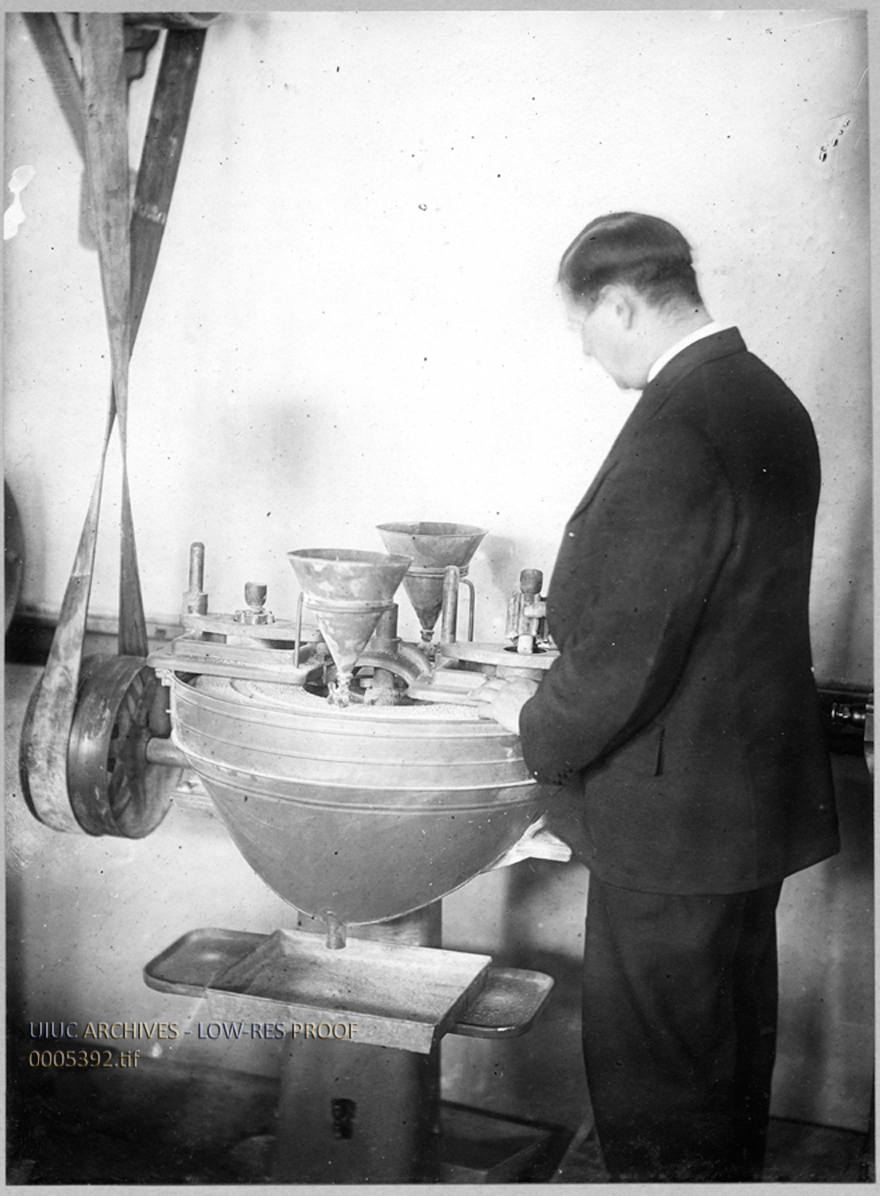 Unidentified Man Testing Stone for Hardness in a Dorry Abrasion Machine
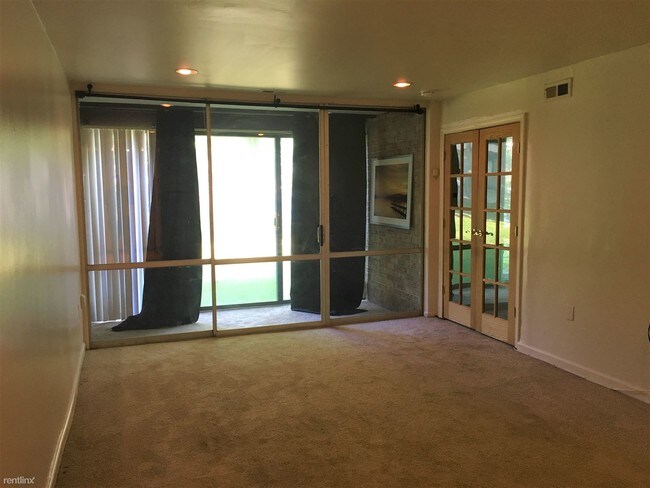 Building Photo - 1 br, 1.5 bath  - 8647 Greenbelt Rd Apt T2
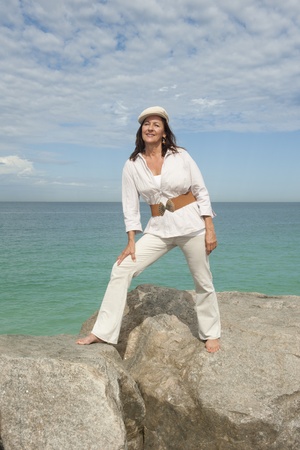 Portrait beautiful mature woman dressed in white and standing in relaxed and confident pose on rock at coastの写真素材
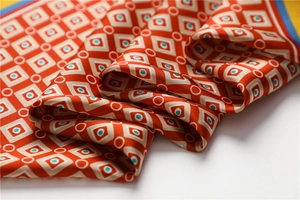 Détail d'un foulard en soie aux motifs géométriques orange et bordure bleue contrastée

□ □ □ □ □

• [TASK TO CARRY OUT]: Pictures excluded, quote all the data above exactly.

• [RESPONSE AREA]:
 Unidentified Man Testing Stone for Hardness in a Dorry Abrasion Machine
 Building Photo - 1 br, 1.5 bath  - 8647 Greenbelt Rd Apt T2
 Portrait beautiful mature woman dressed in white and standing in relaxed and confident pose on rock at coastの写真素材
 Détail d'un foulard en soie aux motifs géométriques orange et bordure bleue contrastée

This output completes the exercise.